The body, on the other hand, was a prototypical naked hourglass-figured woman. Or at least, I would say that it looked to be, visually. But in the dream, I felt like I had a different sort of seeing, as well as the normal one. Like I could see all the vibrating, pulsing mosaic bits for what they were, as opposed to simply minute bits of the whole. And they felt like lines of code. So this snippet-amalgamation woman was composed of odd ideas of programs, each trying to refit back into shape with every movement.

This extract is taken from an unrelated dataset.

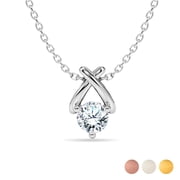 JeenMata X-Shaped Round Cut Lab Grown Diamond Pendant Necklace in 18K White Gold Plating for Women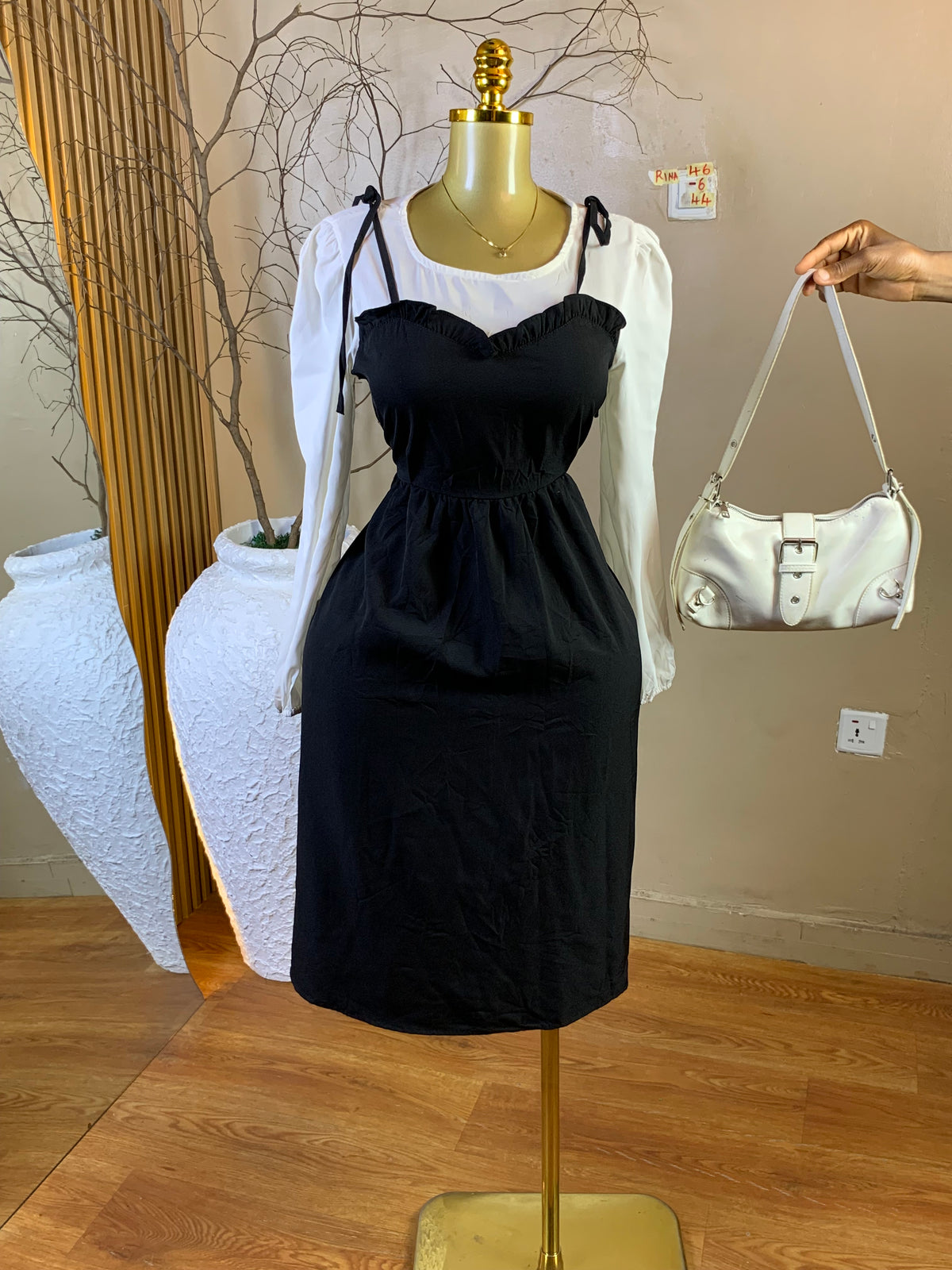 RINA46 SIZE6 Length44 white&black corporate dress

It was somewhat like how holograms are often portrayed in movies, or how those funky laser light show projectors looked: whenever the picture would step in a certain direction, the cone-like bit stretching from the actual hologram to the device that would always flicker in odd shades of blue, the part that was tracing the picture out.

This dream happened during that period of my life when I finally started understanding the elegance and beauty of mathematics. (It was also when I became a regular masturbator, but I swear, that's not what the dream was about!) I was slowly making the connection to the other places where the math type of beauty could be found, such as in computer science, where, by extension, scraps of that beauty could be seen in coded programs in the same way that scraps of the natural beauty of a cheetah could be seen at a zoo.

As much as I pride myself on being at least eccentric, if not downright nearly-crazy, with respect to non-conformance, but this was definitely one of the weirdest dreams I've had.